→ **Your assignment**:
Print exactly what appears from the line containing "iOS6迎战MIUIv4 苹果iPhone5对决小米2" through the final line of the data below, pictures excluded.

→ **Data excerpt**:
===

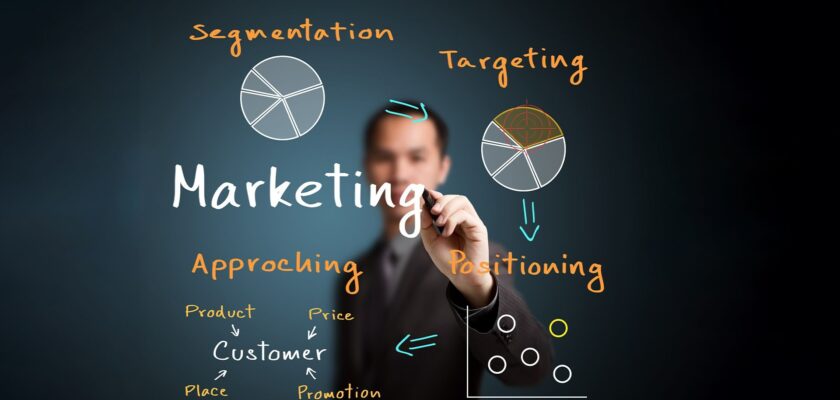 Marketing alapismeretek és lean menedzsment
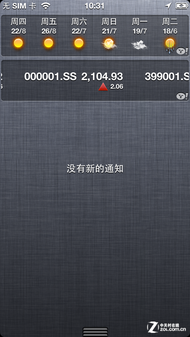 iOS6迎战MIUIv4 苹果iPhone5对决小米2 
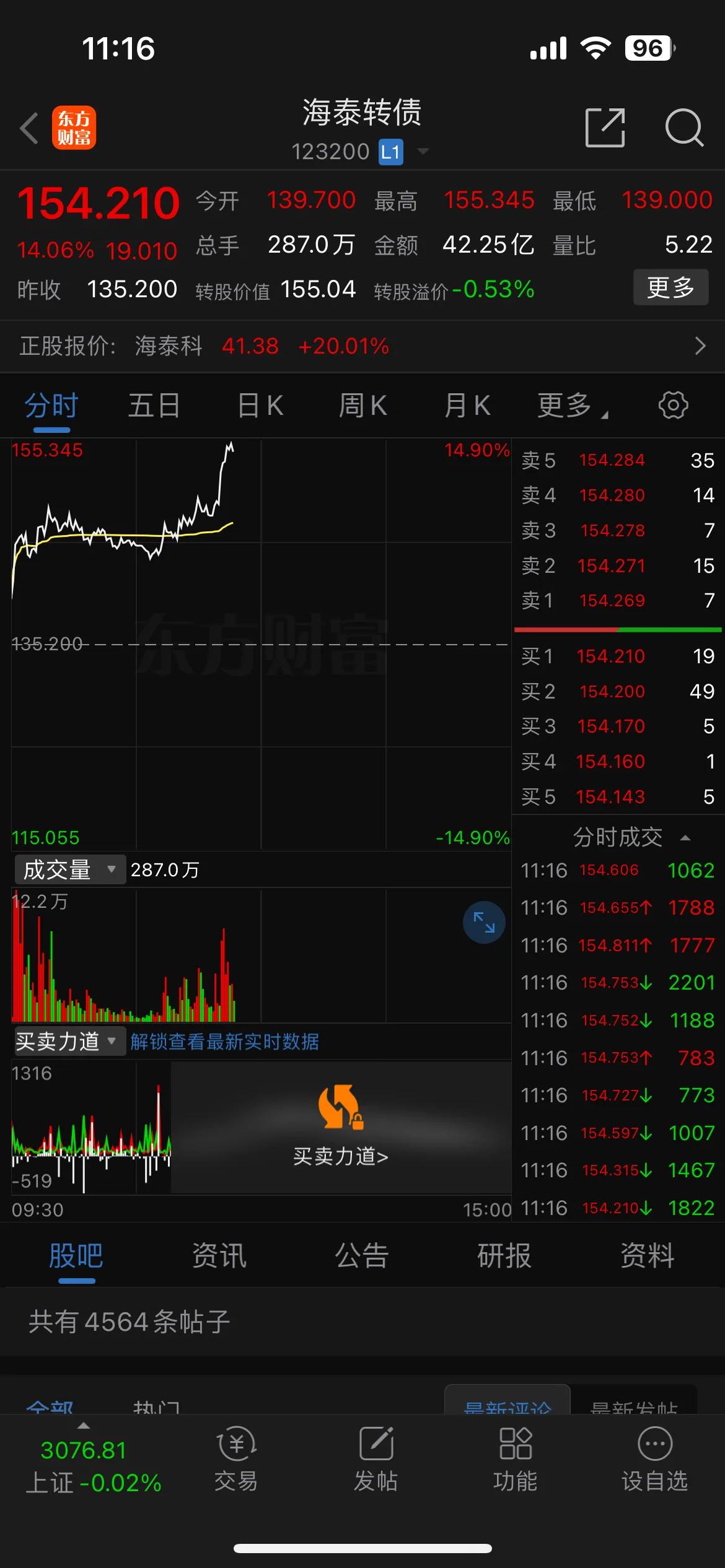 清仓所有的海泰转债，目前155的价格，溢价率为：0，后面海泰转债的涨跌只和正股有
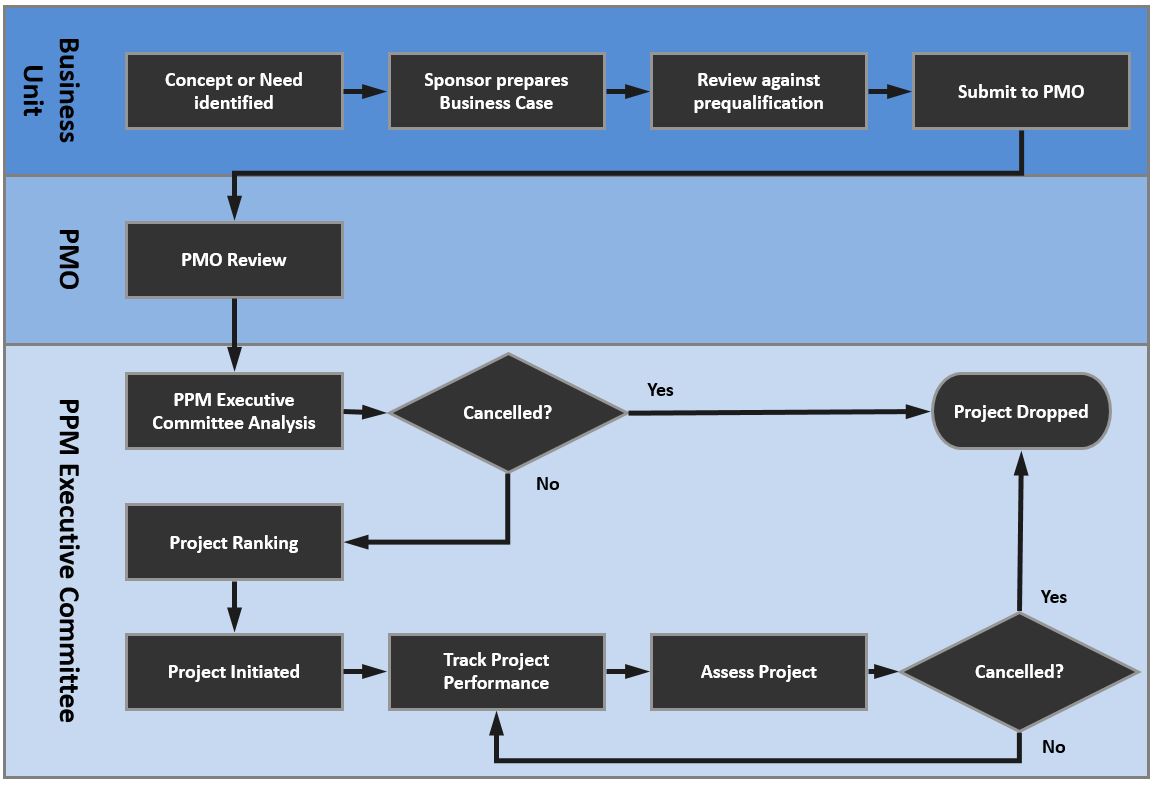 Article Project Portfolio Management The Role Of The PMO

===

→ **Exercise output**:
 iOS6迎战MIUIv4 苹果iPhone5对决小米2 
 清仓所有的海泰转债，目前155的价格，溢价率为：0，后面海泰转债的涨跌只和正股有
 Article Project Portfolio Management The Role Of The PMO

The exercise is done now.